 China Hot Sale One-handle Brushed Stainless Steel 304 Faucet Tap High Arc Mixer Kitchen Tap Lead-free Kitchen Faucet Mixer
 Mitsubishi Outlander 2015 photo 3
* * *
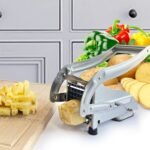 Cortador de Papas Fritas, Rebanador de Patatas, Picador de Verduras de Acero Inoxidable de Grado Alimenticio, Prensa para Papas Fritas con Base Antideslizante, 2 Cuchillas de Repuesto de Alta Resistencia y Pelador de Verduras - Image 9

Required work:
The response should be the listing above, limited to the lines between the one holding "China Hot Sale" and the one holding "Mitsubishi Outlander 2015 photo 3", inclusive, reproduced exactly.

Response to this exercise:
 China Hot Sale One-handle Brushed Stainless Steel 304 Faucet Tap High Arc Mixer Kitchen Tap Lead-free Kitchen Faucet Mixer
 Mitsubishi Outlander 2015 photo 3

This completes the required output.